Why did the Brother of the Bride forego the fine champagne for a Milwaukee's Best toast?
The answer goes back a couple of generations.
Gramps Hayden always had a supply of Milwaukee’s Best (Miller’s economy brew) in the fridge of his tiny 1960s ranch-styled home. A home he reconfigured a bit through the ten years of his five children’s births - and the next decade march to the sons' and daughter's adulthoods.
The fridge squeezed into a tight corner on one side of a narrrow kitchen aisle. Two doors faced each other at the kitchen’s entrance. One of those doors led out to the spacious family-room (an add-on built from the left-over lumber of a relative’s disassembled garage). On Red-Letter Days, three, sometimes four, generations of Haydens could fit in the addition, cans of Milwaukee’s Best dispersed among the adult men.
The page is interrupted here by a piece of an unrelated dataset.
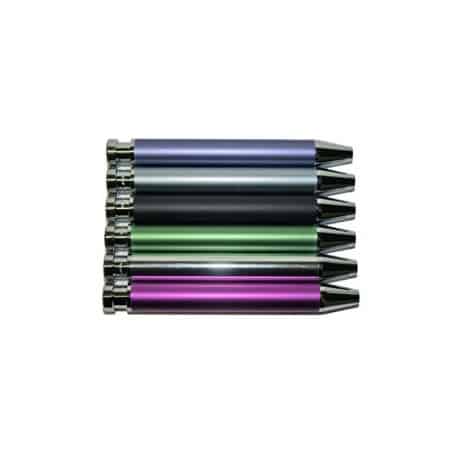 Portaminas Graphic pen lila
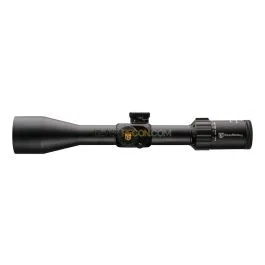 Diamond 6-24x50 Primer Plano Focal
Just across the kitchen’s single-step threshold another door led downstairs to the sons’ Boy-Cave-ish bedroom. Four twin bunks outlined DIY- paneled walls on one end of the cellar. A washer and dryer, an array of usual basement stuff, and an old piano cluttered the other. This arrangement secured the upstairs bedroom across from the master bedroom: Baby Sis’s haunt.
Twenty-five years later Mr. and Mrs. upscaled to a big and boxy, four-bedroom cape. But the cape’s large fridge (that still appears almost small in its roomy eat-in kitchen) remained stocked with the low budget Milwaukee’s Best.
Since Conor’s grandfather and father passed in 1998, within six months of each other, Larry’s brothers and sister have raised a red, white, and blue Milwaukee’s Best can to their memory every Father’s Day. And left one at their gravesites too.